=== YOUR OBJECTIVE ===
Nothing but the lines from the one with "Meridiani Круглое настенное" through the end of the listing should be reproduced, each exactly and with pictures omitted.
Content starts
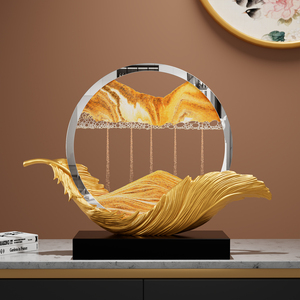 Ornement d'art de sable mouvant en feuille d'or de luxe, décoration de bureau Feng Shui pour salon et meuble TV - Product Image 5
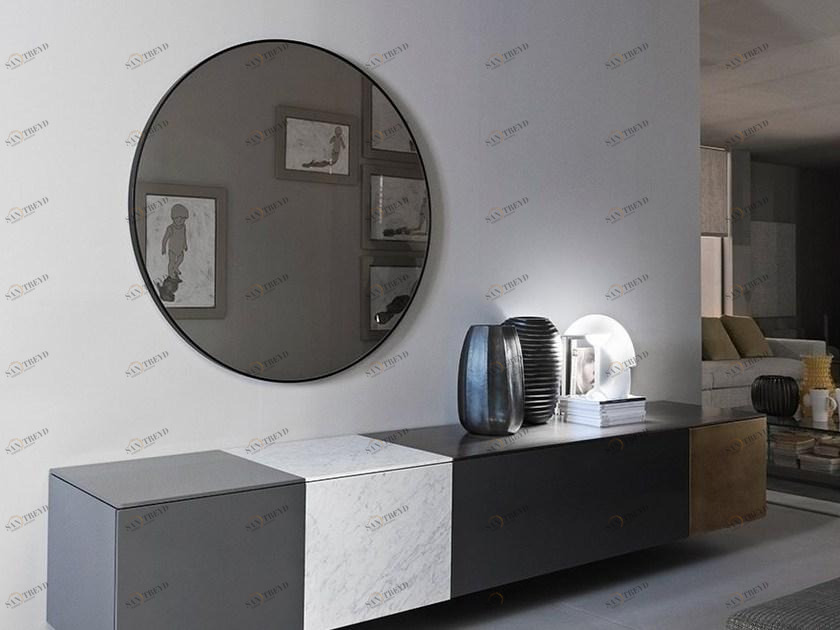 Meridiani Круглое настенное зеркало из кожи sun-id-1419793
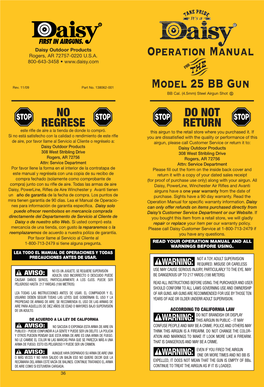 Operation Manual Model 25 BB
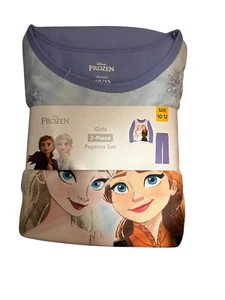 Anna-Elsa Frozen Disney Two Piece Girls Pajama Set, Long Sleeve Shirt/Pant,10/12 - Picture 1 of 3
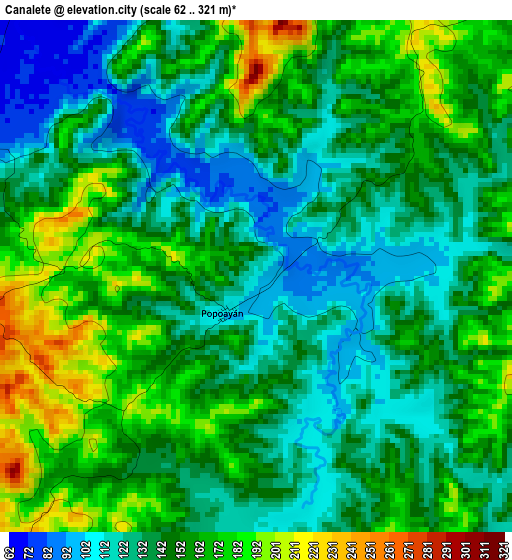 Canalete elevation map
Content ends
=== ANSWER TO THIS PROBLEM ===
 Meridiani Круглое настенное зеркало из кожи sun-id-1419793
 Operation Manual Model 25 BB
 Anna-Elsa Frozen Disney Two Piece Girls Pajama Set, Long Sleeve Shirt/Pant,10/12 - Picture 1 of 3
 Canalete elevation map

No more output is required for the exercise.